Chatting with Bubba Sparks: Veteran pole vaulter Special

Posted Dec 9, 2017 by Markos Papadatos
Veteran pole vaulter Bubba Sparks chatted with Digital Journal about his career in pole vault (which exceeds five decades), as well as his advice for aspiring athletes.
Bubba Sparks
Bubba Sparks
Rob D'Avellar
On his proudest professional moments in pole vault, Sparks said, "Though I have had a fair amount of personal success, most of my proudest moments have been celebrated with athletes I've worked with. I don't like to list them because I feel it takes credit away from them. After all, they are the ones that cleared those bars."
He shared that his personal best is 5.51 meters, which he set in 1978. "On three consecutive weekends I jumped 5.49 meters, 5.50 meters and 5.51 meters. These were at pole vault only meets so we didn't submit the heights. At that time, a few athletes put up marks at these types of meets that were questioned and I didn't want to be associated with someone who would fake a mark in a closed competition. In college, I won the NAIA Nationals Outdoors in 1975 and 1976, and I got 2nd indoors both years. In 1976, I won the USTFF (then equivalent of USATF) National Collegiate Championships. College best was 5.20 meters," he explained.
Sparks continued, "I was selected by the Sports Supply Group, who provided the equipment for 16 of the Olympic Sports, to be a coaching technician for the 1996 Olympic Games. In this position, I got to hang out at the practice and competition fields and work with the Olympians and their coaches for the final five weeks of preparation for the Games in Atlanta."
He further added, "I coached or advised many elite and Olympic athletes over the years. I've been competing in masters competitions since 1988, so almost 30 years. I've won numerous national championship medals, and won World Championship Medals on five continents."
Sparks is drawn to pole vault due to the "people" and the "spirit of the event." "I love how athletes help each other, and even coaches are friends and seek each other's advice. We are welcoming to all no matter what their level of accomplishment. Everyone cheers and helps everyone," he said.
He noted that the hardest aspect of the sport is "balancing proper training with vault technique." "I knew I wasn't the fastest or strongest guy, so I spent a ton of time trying to perfect a technical model. At the same time, you have to constantly be trying to get stronger and faster. Aging is a real challenge. My orthopedic surgeon told me that training to be an elite athlete is like walking on a balance beam. Do too much and you fall off injured. Do too little and you fall off of progress. As you age, the more narrow the beam becomes and the longer the climb back on to it," he said.
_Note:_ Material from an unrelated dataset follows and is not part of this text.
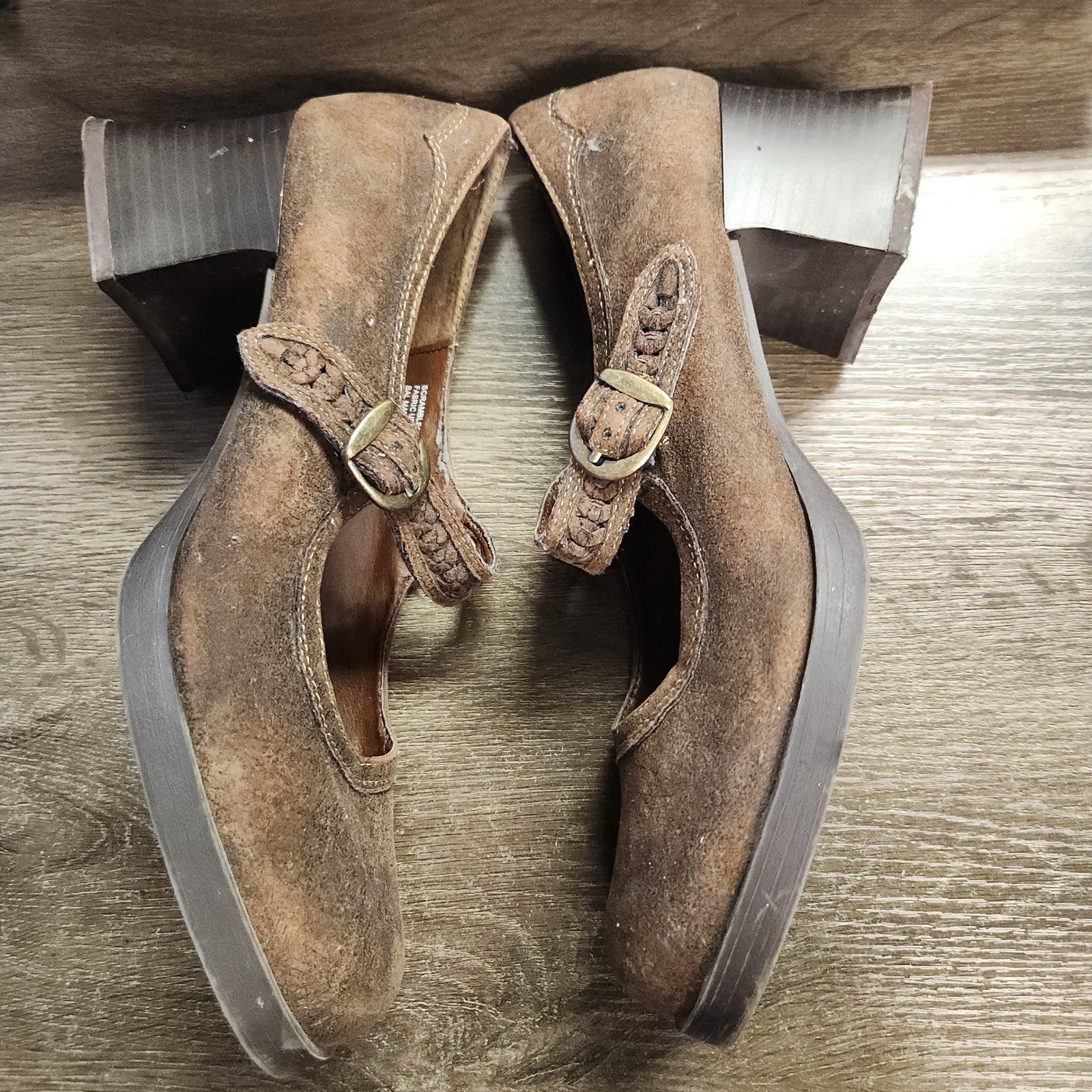 Vtg Mudd Y2K Brown Plaid Chunky Heel Platform Mary Jane *Fit Size 9/10 RARE 90’s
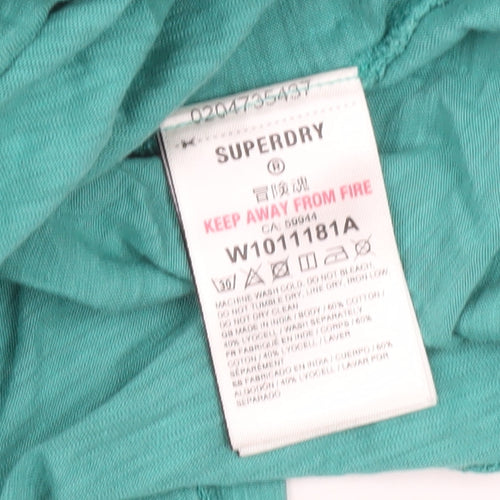 Superdry Women's Green Cotton V-Neck T-Shirt, Size 14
"For me. personally, in 2008. I went through bouts of extreme anemia and was getting injured doing the smallest things," Sparks shared. "I found out that my body no longer makes testosterone. Average for my age is 552 nl and I was at 8 nl, because we are drug tested at big events, that's not an option. I have to be super careful in all of my training. It's very rare that I complete my jumps in a meet. Almost always, I have to withdraw with jumps remaining because I can feel something's about to blow up. I like to say, 'I know how to pole vault if I can only survive the run up'."
Digital transformation of pole vault
On the impact of technology in the sport of pole vault, he said, "I've always been a technical student so I'm not seeing such a great gain from that. Pole technology is such that you can match pole type to a particular vault style or ability. The great Alan Launder used to say that we each have a base model we rely on, but we overlay on that model our own individual style.Mondo Duplantis is a perfect example of a vaulter who mixes models and styles."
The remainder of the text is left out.